The world is still celebrating the Paris Agreement on Climate Change, the main outcome of the 21st Conference of the Parties of the United Nations Framework Convention on Climate Change. Its ambitions are unprecedented: not only has the world committed to limit the increase of temperature to “well below 2°C above pre-industrial levels,” it has also agreed to pursue efforts to “limit the temperature increase to 1.5 °C.”

This achievement should be celebrated, especially by Small Island Development States (SIDS), a 41-nation group—nearly half of them in the Caribbean—that has been advocating for increased ambition on climate change for nearly a quarter century.

SIDS are even more vulnerable to climate change impacts — and risk losing more. Global warming has very high associated damages and costs to families, communities and entire countries, including their Gross Domestic Product (GDP) according to the Intergovernmental Panel on Climate Change.

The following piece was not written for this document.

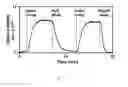 Fig. 10 - System and method of delicate membrane condensed phase membrane introduction mass spectrometry (CP-MIMS)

What does this mean for the Caribbean? Climate change is recognized as one of the most serious challenges to the Caribbean. With the likelihood that climate change will exacerbate the frequency and intensity of the yearly hurricane season, comprehensive measures are needed to protect at-risk communities.

Moreover, scenarios based on moderate curbing of greenhouse gas emissions reveal that surface temperature would increase between 1.2 and 2.3 °C across the Caribbean in this century. In turn, rainfall is expected to decrease about 5 to 6 per cent. As a result, it will be the only insular region in the world to experience a decrease in water availability in the future.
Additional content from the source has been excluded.